◆ TRY IT: Please repeat exactly the lines from the one containing "As you can see here, it" to the end of the entries below, both included, and omit all pictures.

*** INPUT ***

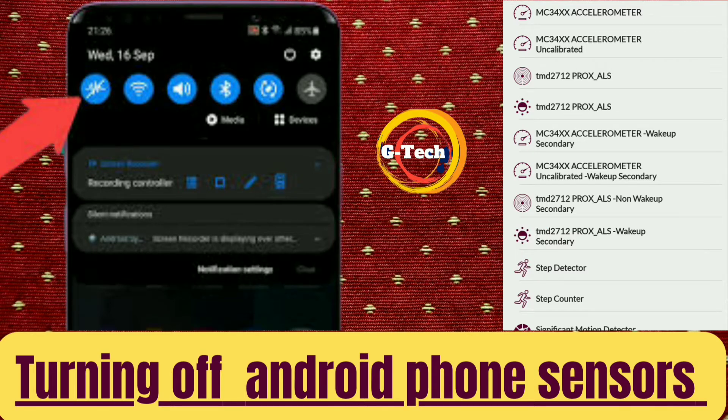All phones have a variety of sensors which carry different tasks, like the proximity sensor.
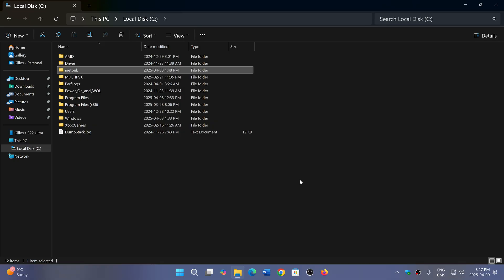For this folder to appear, it means that the Internet Information Service within Windows has been triggered, even if it's turned off. At some point during the install yesterday, it was triggered. When that is turned on, it automatically creates a folder called iNetPub.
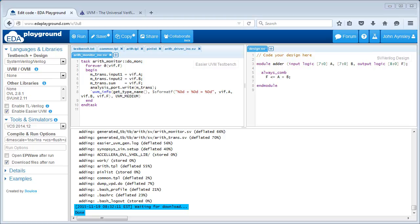EDA Playground simulations have some strict limits on the number of lines of code and the simulation time. But the code generator doesn't have any limits, so if you generate a really large verification environment you can still download it and simulate it locally on your own computer even if you can't simulate it within EDA Playground.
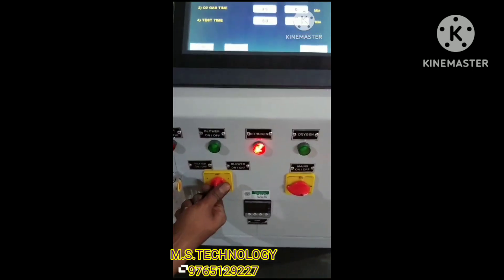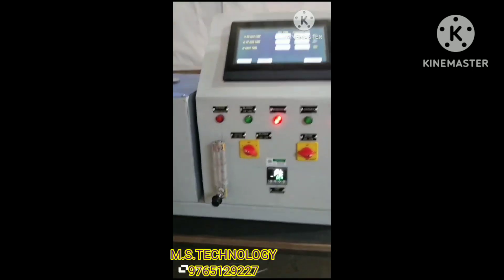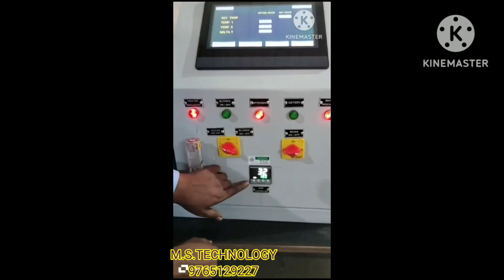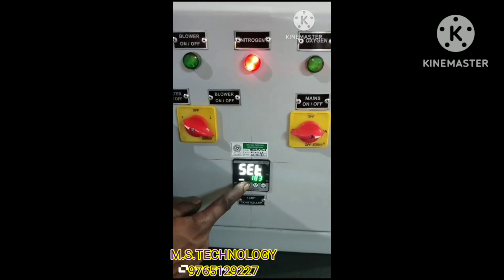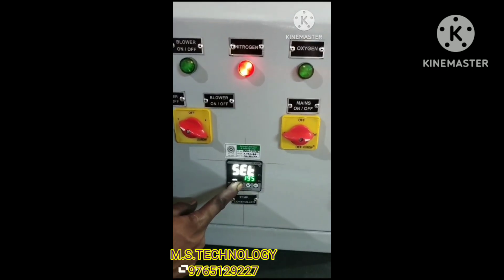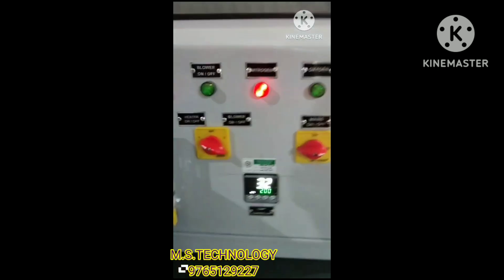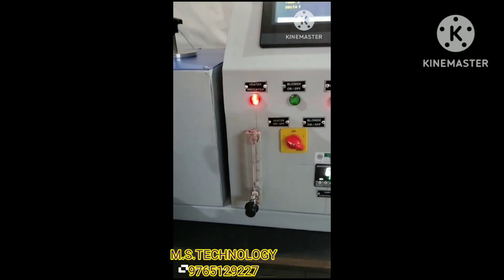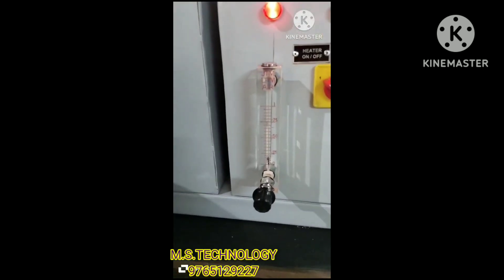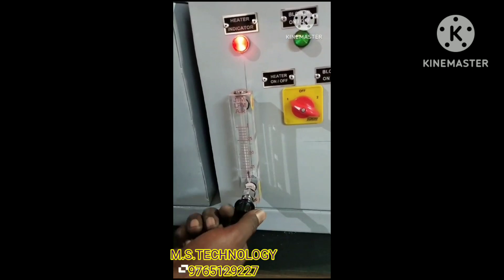The nitrogen indicator will glow. Then turn on the heater and set the heater temperature at 200 degrees Celsius. Adjust the gas flow using the rotameter at 50 ml per minute.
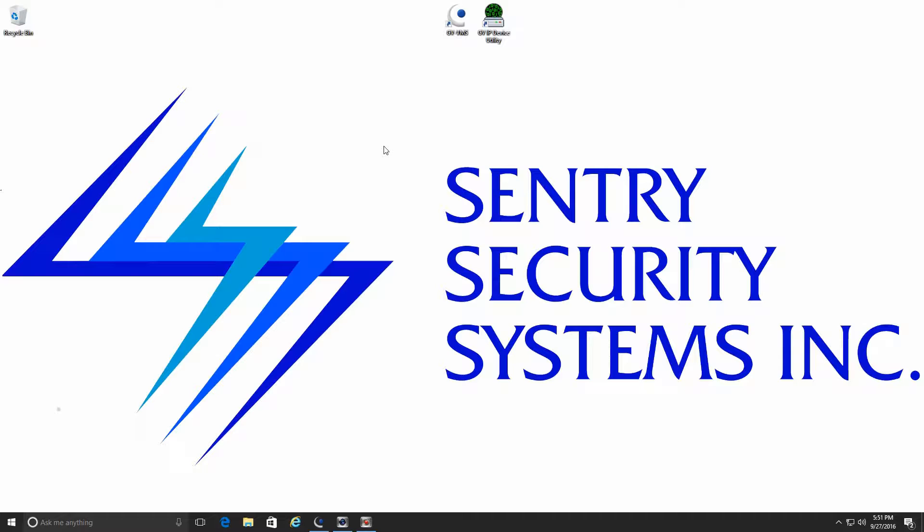Hey guys, Mike here with Sentry Security Systems Incorporated, and in this week for our GeoVision how-to series, I'd like to continue on with the VMS platform and take a look at our options for the display panels.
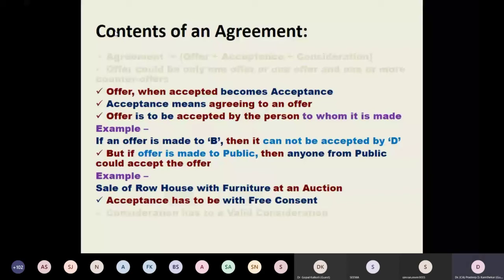For example, when we ask questions in class and say whoever knows the answer should raise their hand, then whoever raises their hand will be asked to answer. But in class, when we say that you specifically must stand and give the answer, you cannot say, 'Sir, my friend will answer on my behalf.' That is not allowed. When the offer is made to you specifically, only you can accept and give the answer. So an offer is to be accepted by the party to whom it is given.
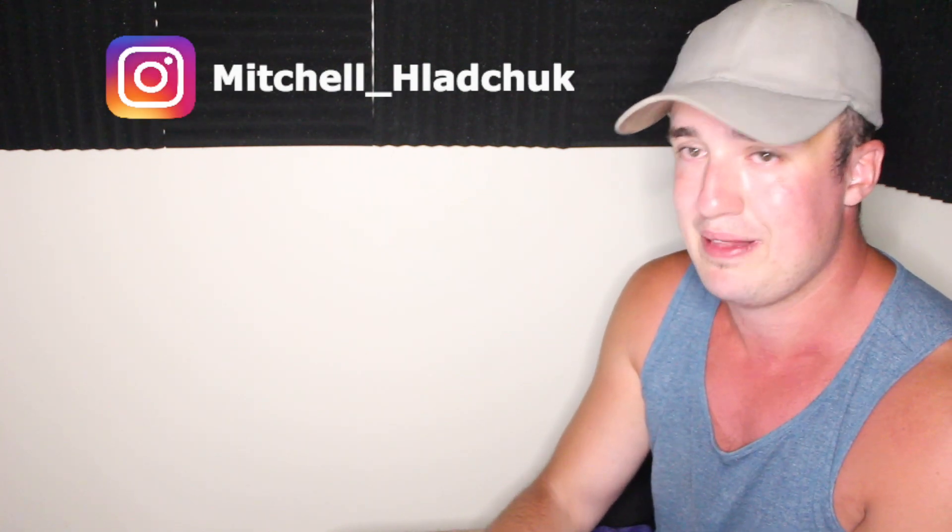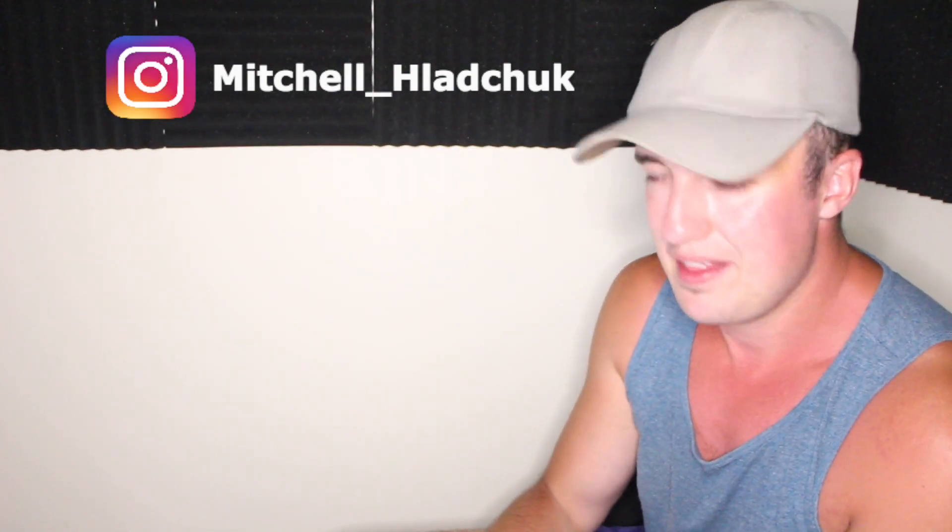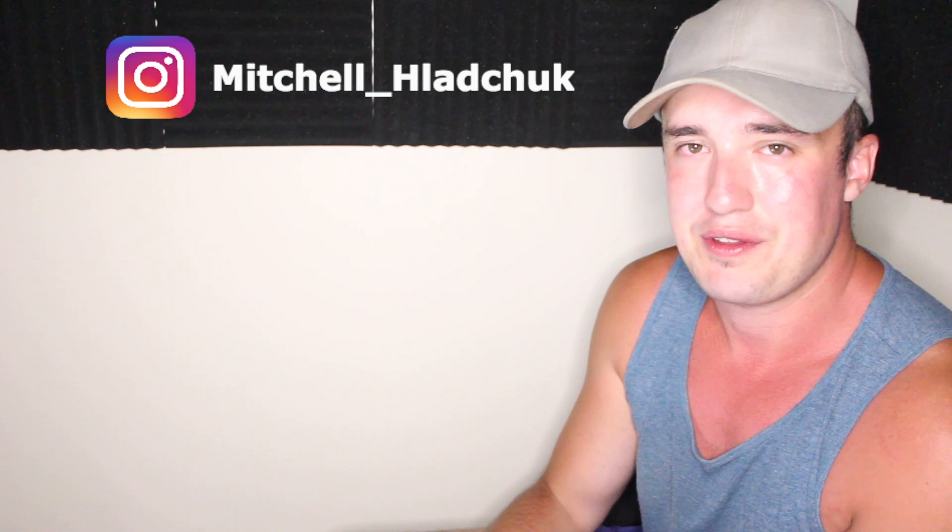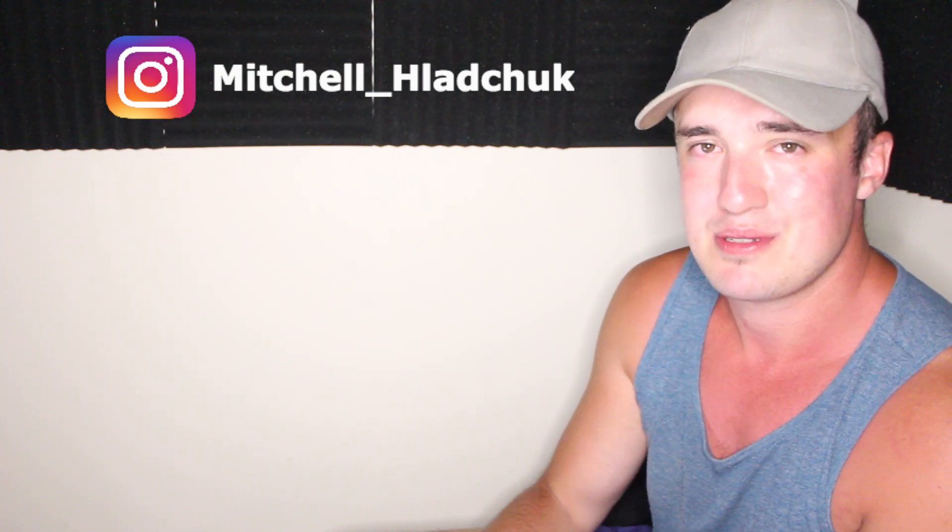But anyway, ladies and gentlemen, that is it though for the video. Make sure you guys subscribe to PostDailyVideos. Peace.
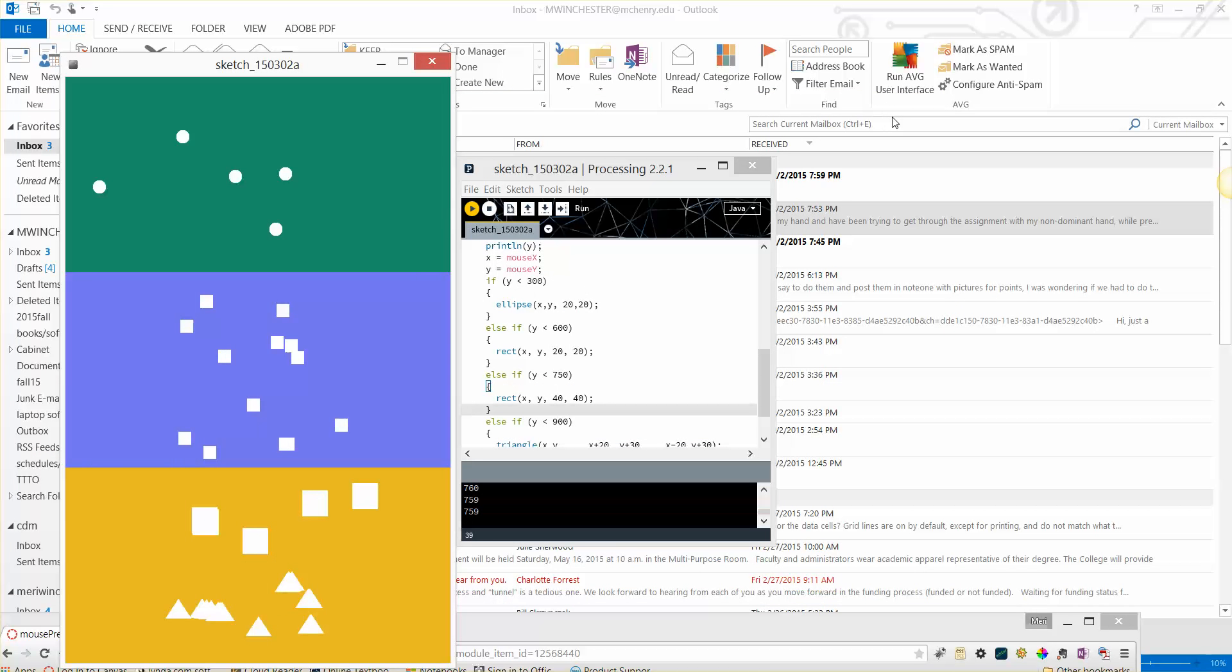So pretty much that's all you need to do is just check with an if statement what your y level is and change your size accordingly. See you next time. Take care.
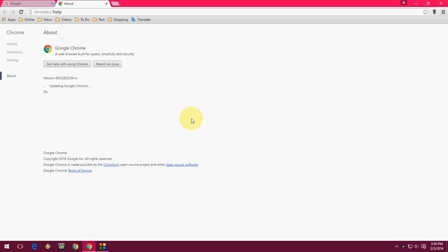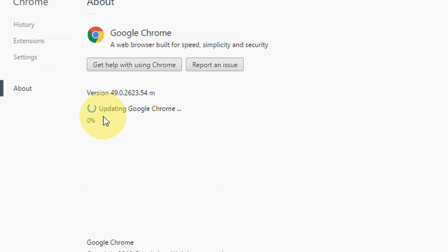As you can see here, it is checking for the update and it will ask you to install the update. Click on Yes and the update is installing as you can see here.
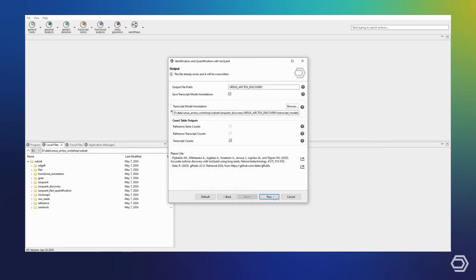Once again, we are ready to run IsoQuant, although I have previously done so and can skip ahead to my results.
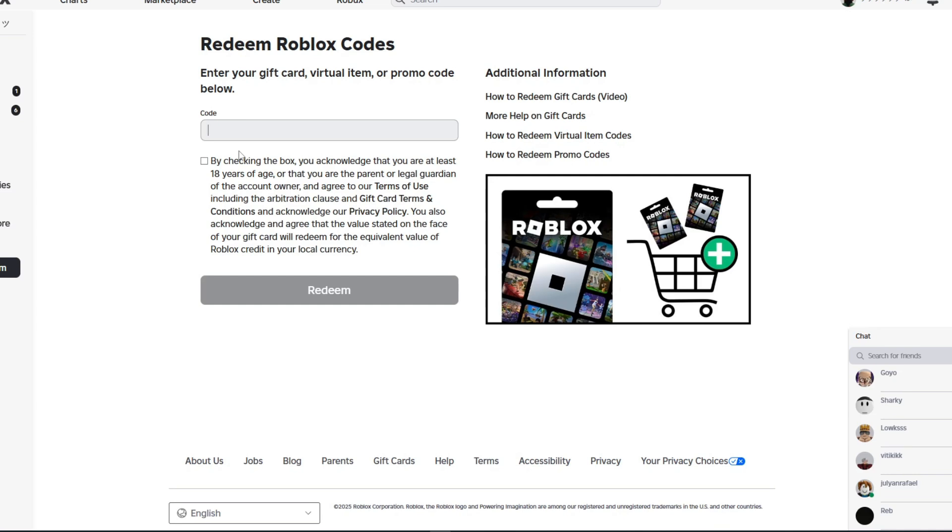You cannot transfer your Robux into real money. If this video has been helpful, leave a like, subscribe, and follow us for more videos like this. Thanks for watching.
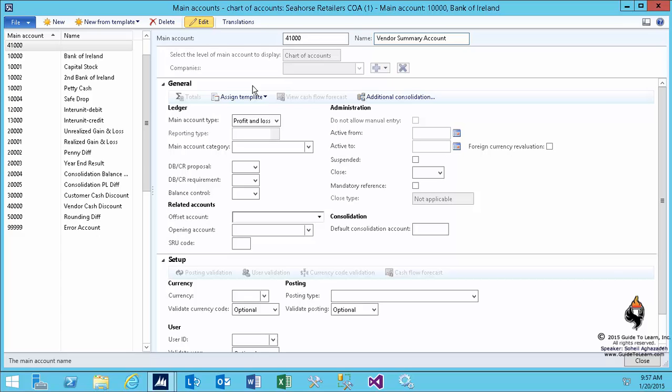But it depends on your implementation. When you talk to your client, perhaps they may need to create multiple vendor summary accounts. For example, if you have Microsoft as your vendor, you would like to separately calculate how much you owe Microsoft versus other companies, or domestic vendors versus foreign vendors. In this example, I only show you one account to make the demonstration easier.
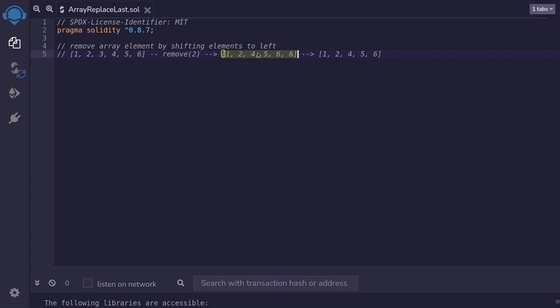The result is 1, 2, 4 — the 3 was replaced with the element on the right — then 5, 6, and then the duplicate 6. We remove the last element since it is shifted to the left, and we end up with an array 1, 2, 4, 5, 6. As you can imagine, this is not a gas-efficient way to remove an element from an array.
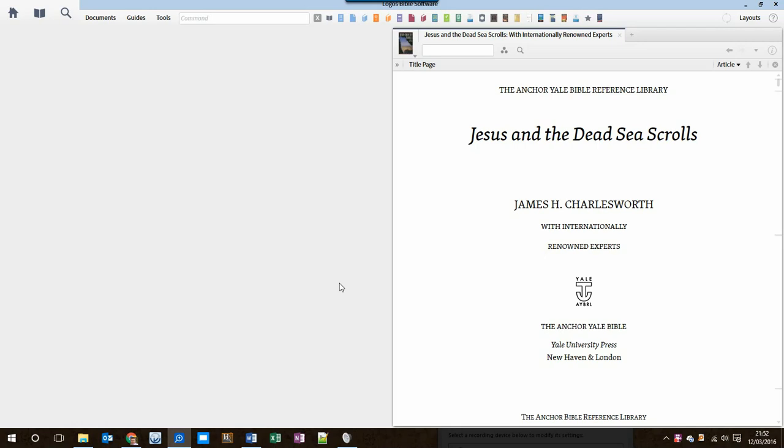At the end of March 2016, Logos is going to retire its Send to Kindle service. So this video is to show you how you can send a Logos book to Kindle even without using that service.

***

◆ RESPONSE BOX:
As you can see here, it is checking for the update and it will ask you to install the update. Click on Yes and the update is installing as you can see here.
Once again, we are ready to run IsoQuant, although I have previously done so and can skip ahead to my results.
You cannot transfer your Robux into real money. If this video has been helpful, leave a like, subscribe, and follow us for more videos like this. Thanks for watching.
But it depends on your implementation. When you talk to your client, perhaps they may need to create multiple vendor summary accounts. For example, if you have Microsoft as your vendor, you would like to separately calculate how much you owe Microsoft versus other companies, or domestic vendors versus foreign vendors. In this example, I only show you one account to make the demonstration easier.
The result is 1, 2, 4 — the 3 was replaced with the element on the right — then 5, 6, and then the duplicate 6. We remove the last element since it is shifted to the left, and we end up with an array 1, 2, 4, 5, 6. As you can imagine, this is not a gas-efficient way to remove an element from an array.
At the end of March 2016, Logos is going to retire its Send to Kindle service. So this video is to show you how you can send a Logos book to Kindle even without using that service.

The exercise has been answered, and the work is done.